- Directed by: T. V. Chandran
- Written by: T. V. Chandran
- Produced by: T. V. Chandran
- Starring: Vani Viswanath Bharath Gopi Nedumudi Venu Narendra Prasad Charu Hassan P. Sreekumar M. R. Gopakumar Urmila Unni Madhupal M. G. Sasi Shivaji Reshmi Soman
- Cinematography: K. G. Jayan
- Edited by: Venugopal
- Music by: Johnson
- Distributed by: Manoj, Shogun Films, Vinod Movies Release
- Release date: 2000;
- Country: India
- Language: Malayalam

= Susanna (2000 film) =

Susanna is a 2000 Malayalam film written, directed and produced by T. V. Chandran with Vani Viswanath in the title role. The film won two Kerala State Film Awards: Second Best Actress (Vani Viswanath) and Special Jury Mention (T. V. Chandran). It received the Padmarajan Award for Cinema in 2000. Susanna is widely regarded as the best performance by Vani Viswanath.

==Cast==

- Vani Viswanath as Susanna
- P. Sreekumar as Planter Varkey
- Narendra Prasad as Prof. Noor Mohammad
- Charuhasan as 	Ramakrishna Iyer
- Bharath Gopi as Retd.
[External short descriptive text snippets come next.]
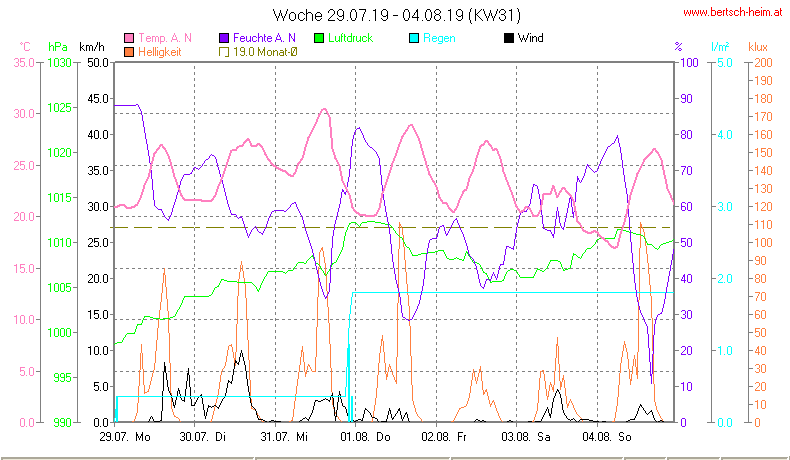 Wetter Wiesenstadt Alterlaa Grafik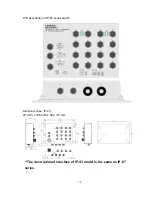 Preview for 14 page of Lantech IPES/IES-5416DFT Series User Manual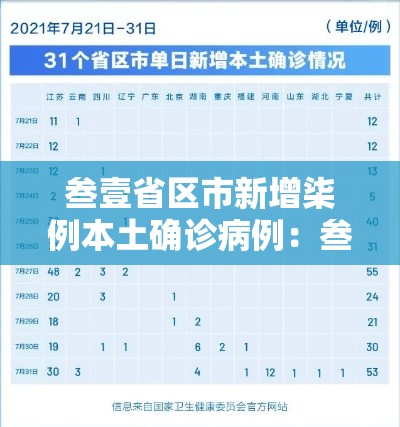 叁壹省区市新增柒例本土确诊病例：叁壹省区市新增陆例本土确诊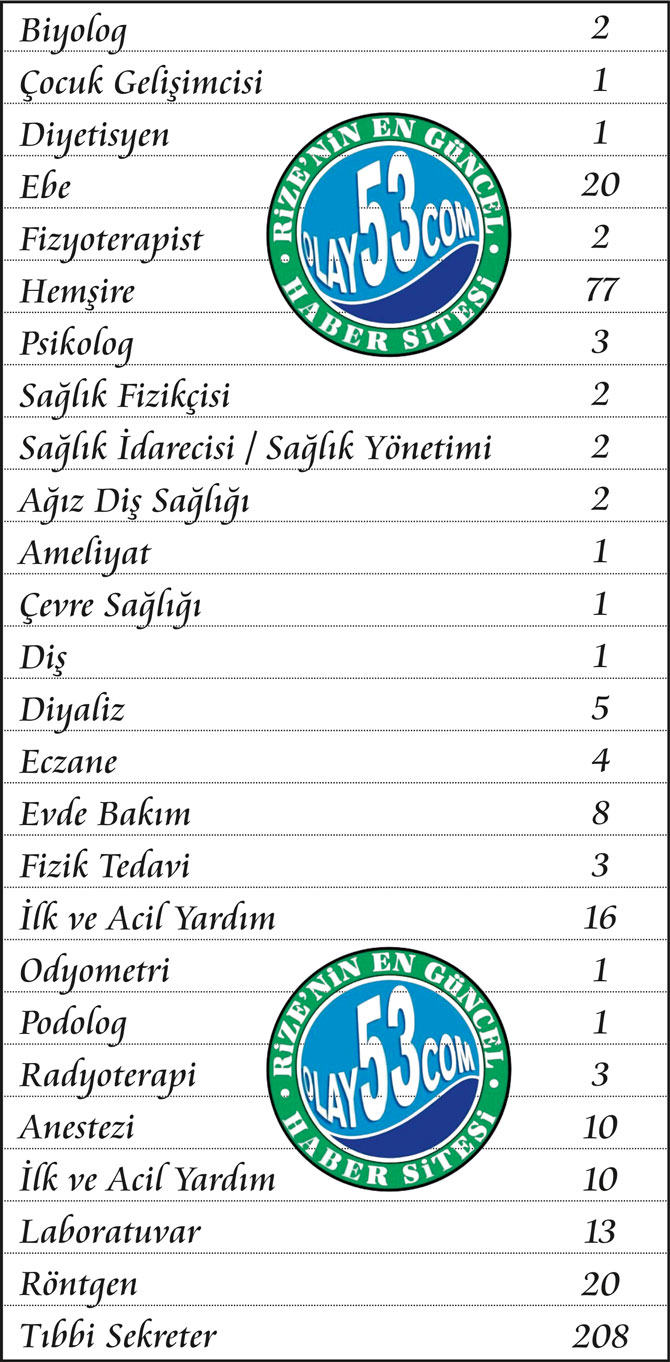 saglik-bakanligi-rizede-417-personel-alimi-gerceklestirecek-001.jpg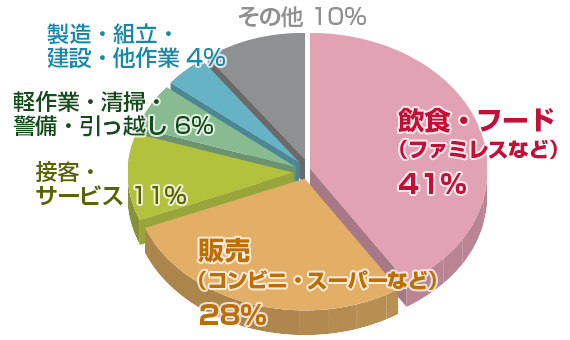 高校生のアルバイト バイト 仕事 求人情報満載 フロムエー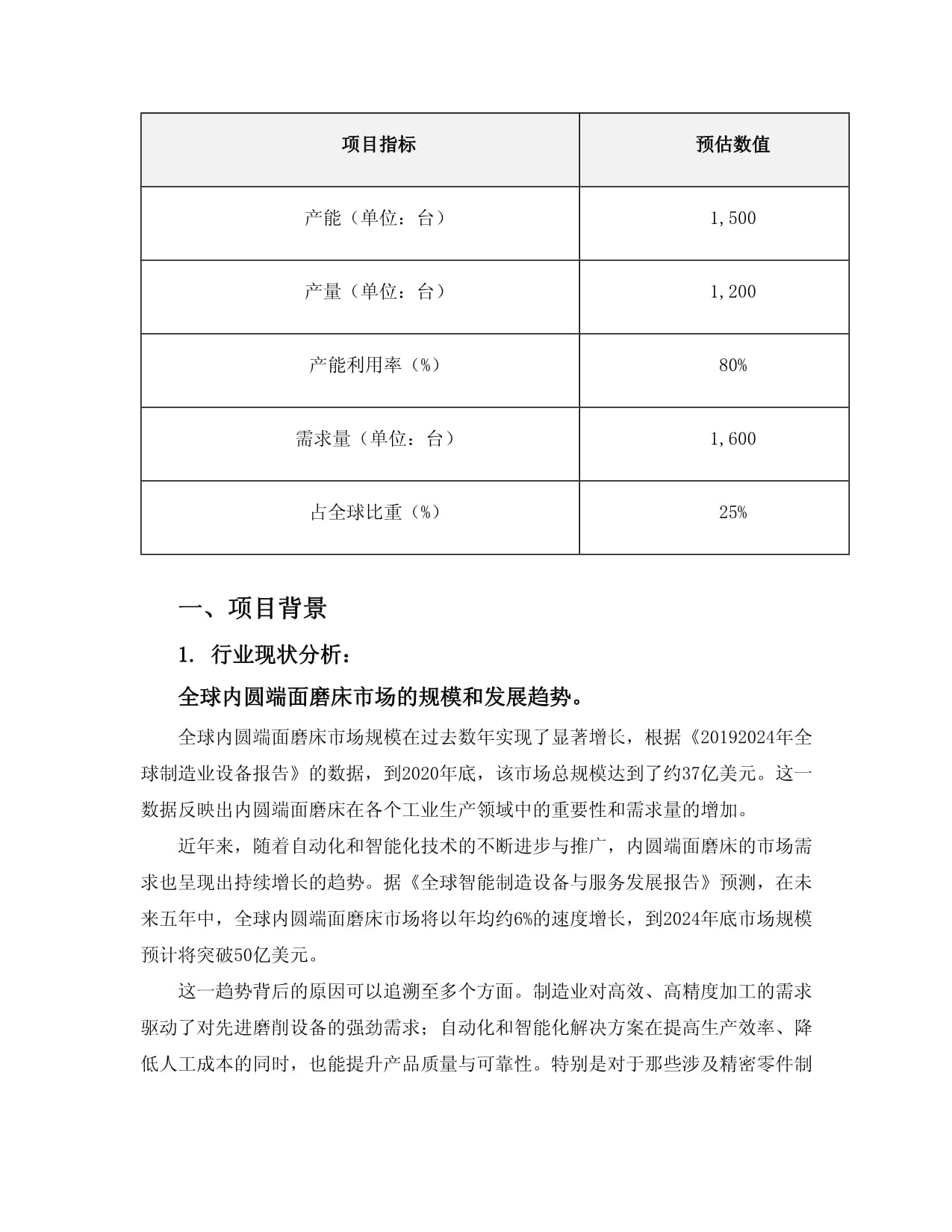 2024年内圆端面磨床项目可行性研究kok电子竞技_第4页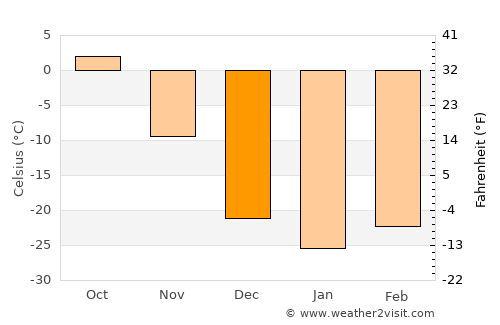 Bayanhoshuu average temperature in December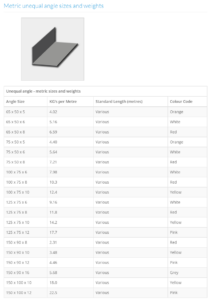Unequal Angle Melbourne | Sutton Steel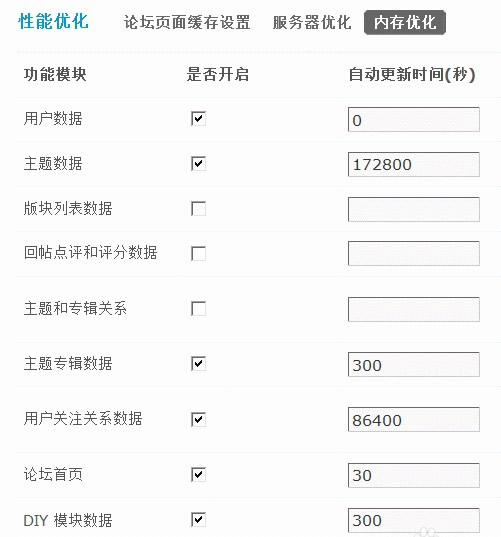 如何优化Discuz!服务器性能以提升论坛用户体验？
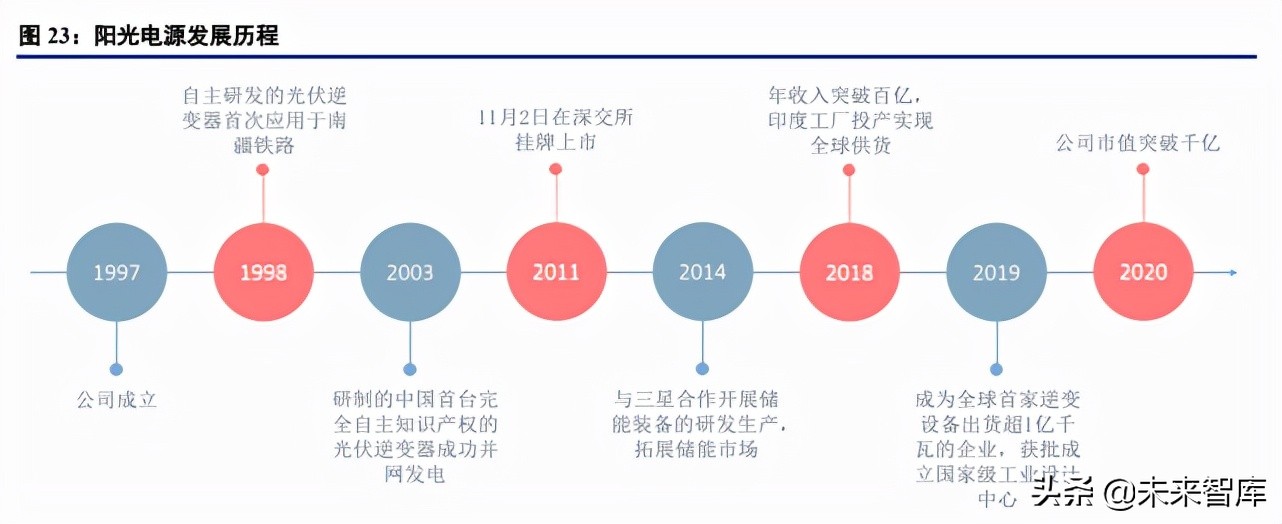 光伏逆变器行业研究：三重需求推动逆变器行业快速增长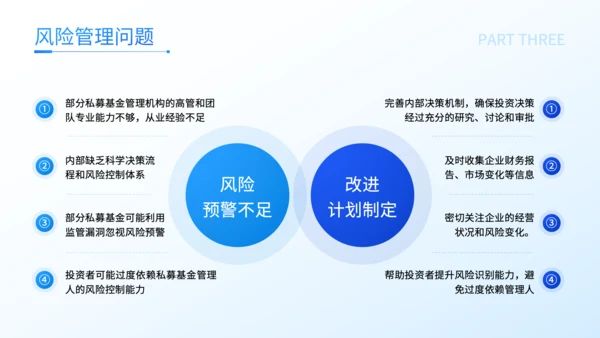 蓝色商务风私募基金经理年度投资复盘述职报告PPT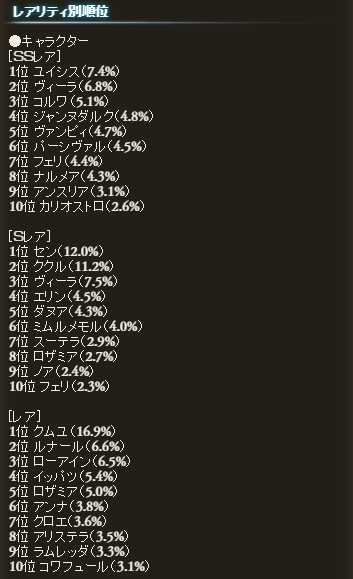 グラブル 人気投票をみて 愚者のグラブル雑記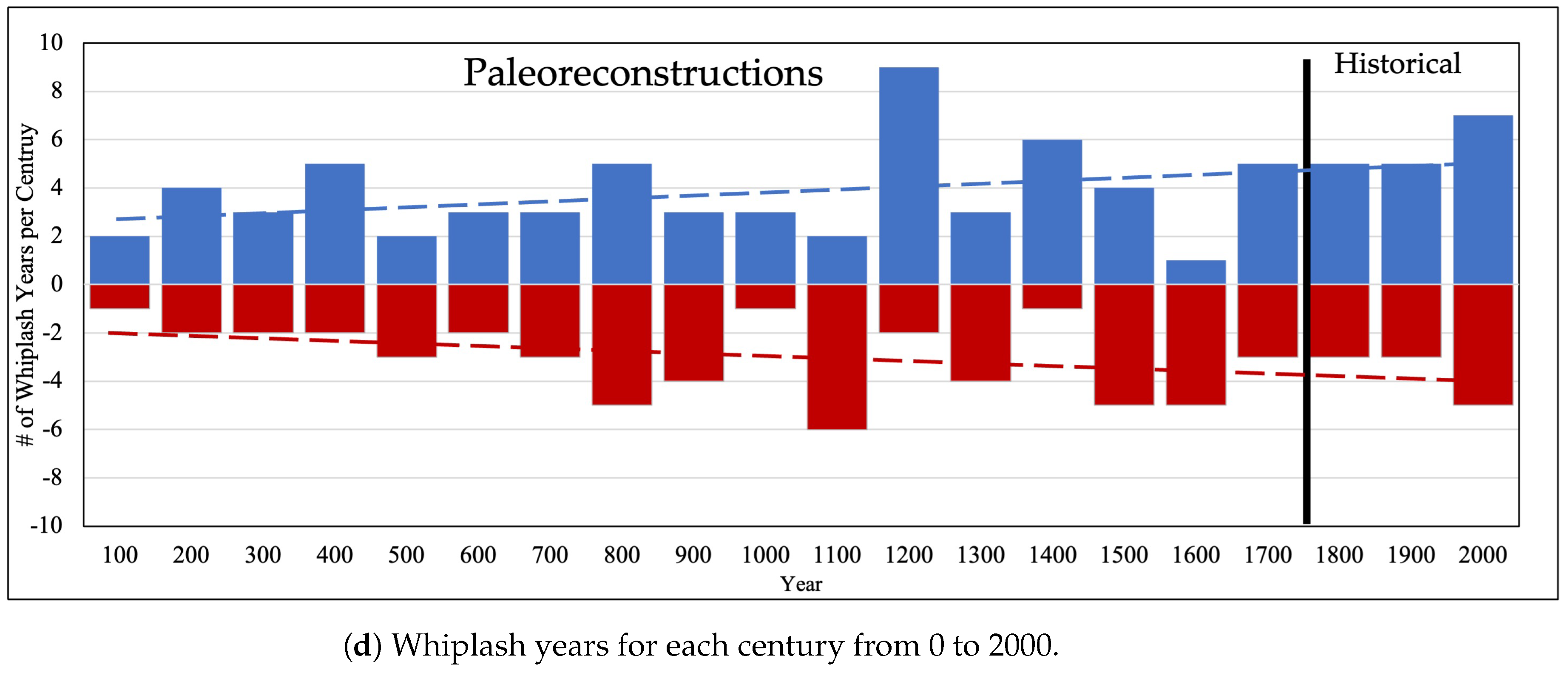 Hydrology 11 00219 g004b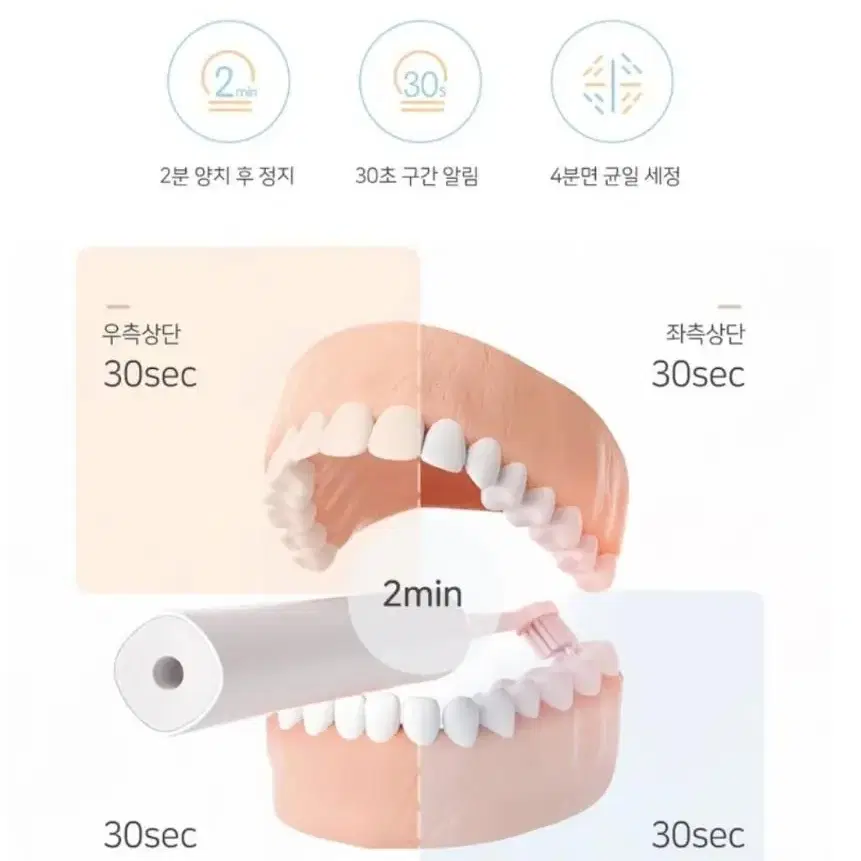 [미사용&새제품] 시노링크 음파 전동칫솔 화이트 (보관스크레치 있음) +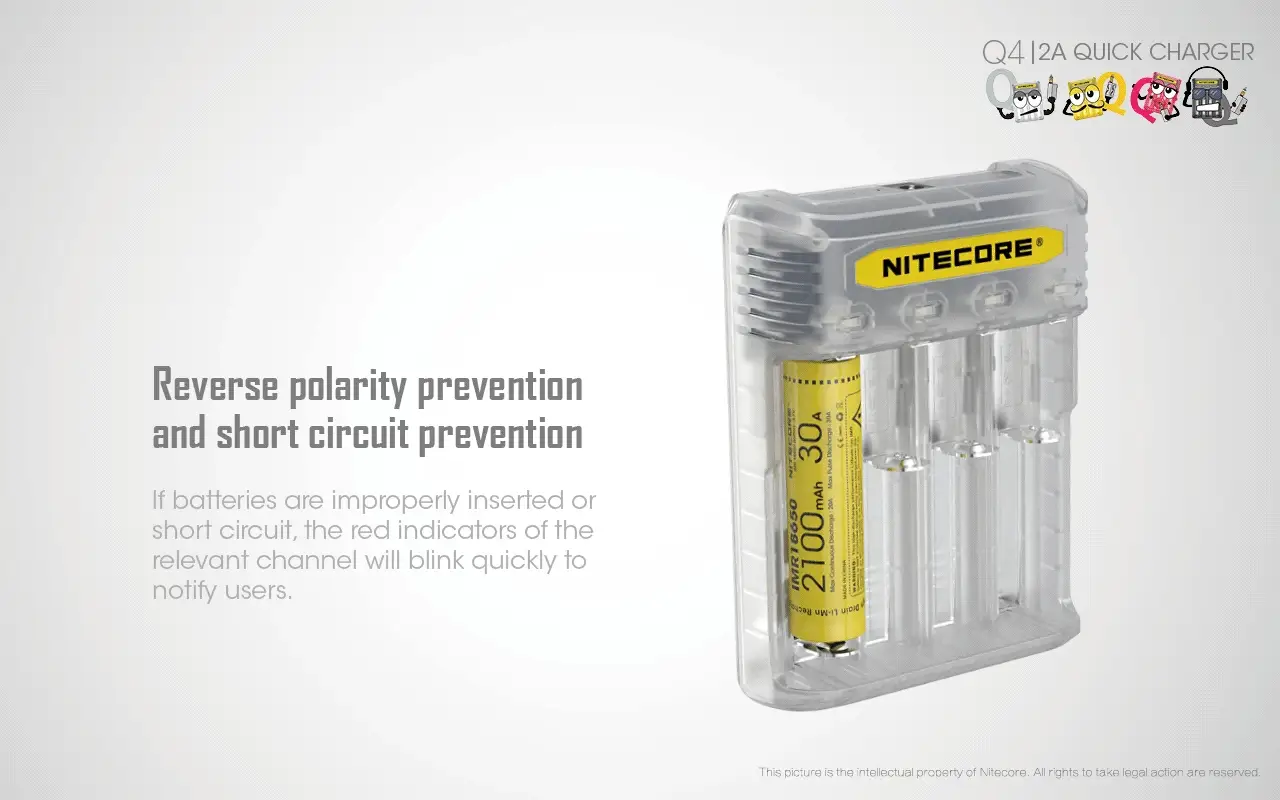 Nitecore Q4 4-bay Lithium Ion Battery Charger - Clear - Image 7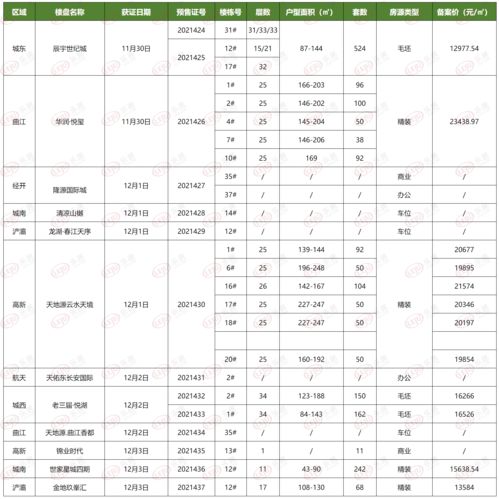 上周3038套房入市 金地玖峯汇9764组登记成绩稳定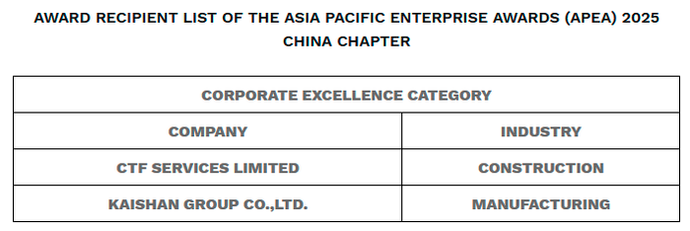 $!Asia Pacific Enterprise Awards and Asia Responsible Enterprise Awards 2025 China Chapter Celebrates Exemplary Business Excellence and Responsible Leadership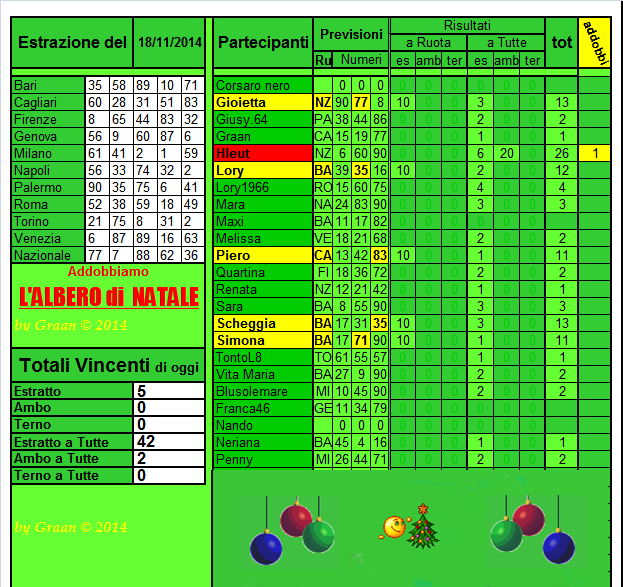 Gara "L'albero di Natale" dal 18.11 al 22.11.14 Risult18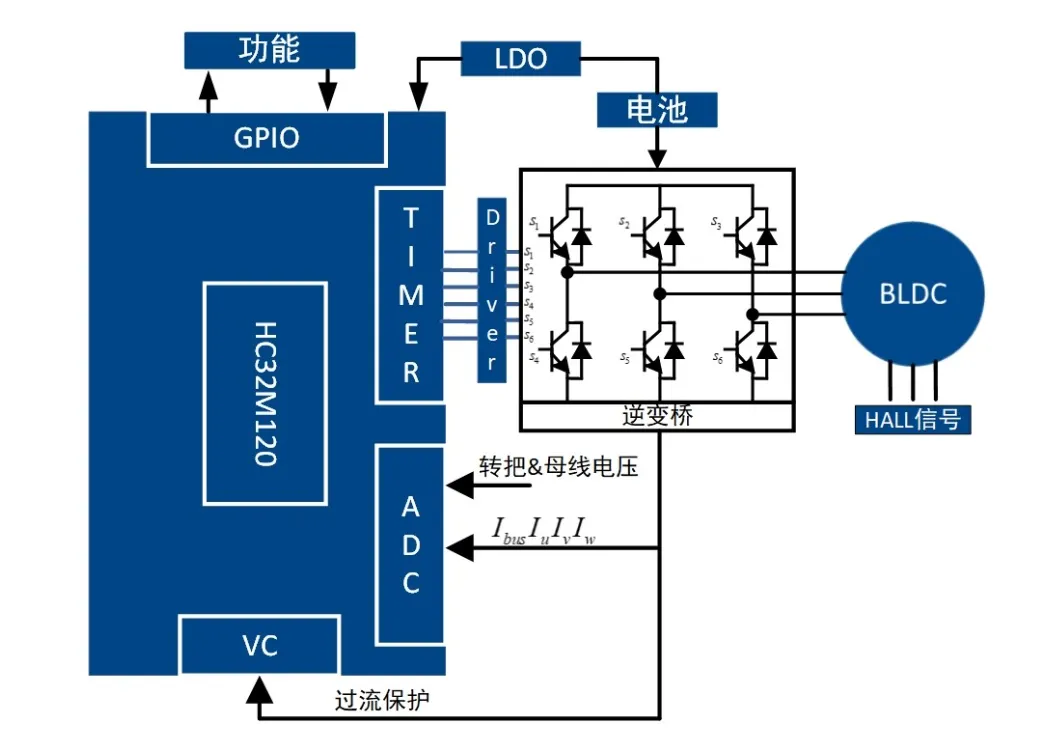 無感FOC算法驅動的BLDC電機的優勢解析與實戰應用方案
High Commissioner K. P. Govardhanan Pillai
- Madhupal as Ramesan
- Mukundan as Thomachan
- M. R. Gopakumar
- M.G. Sasi
- Shivaji
- Nedumudi Venu as Colonel Ramachandran Nair
- Urmila Unni as Bhargavi
- K. B. Ganesh Kumar
- Murali as Josekutty
- Gopalakrishnan
- Prasanna Ravi
- Teena
- KG Chitranjali
- Remya
- Sudhiranjan
- Aliyar
- Reshmi Soman as Susanna's daughter
- Omana Ouseph
- Geetha Nair as Ramakrishna Iyer's wife

==Soundtrack==
The music is composed by Johnson. Canadian poet and musician Leonard Cohen's "Suzanne" is played in the film.
- "English Song" - N/A
- "Himabinduvai Pirannu Ninmel" - Johnson

==Production==
Mallika Sarabhai was also approached to play the role of Susanna.

== Reception ==
D. Jose of Rediff wrote, "Where this film — obviously produced on the thinnest of shoestrings — works is in the fact that, even as it tries to portray a power-packed woman as the central character, it does so without feminist ranting or the usual tears and pathos as Susanna stumbles from misery to misfortune."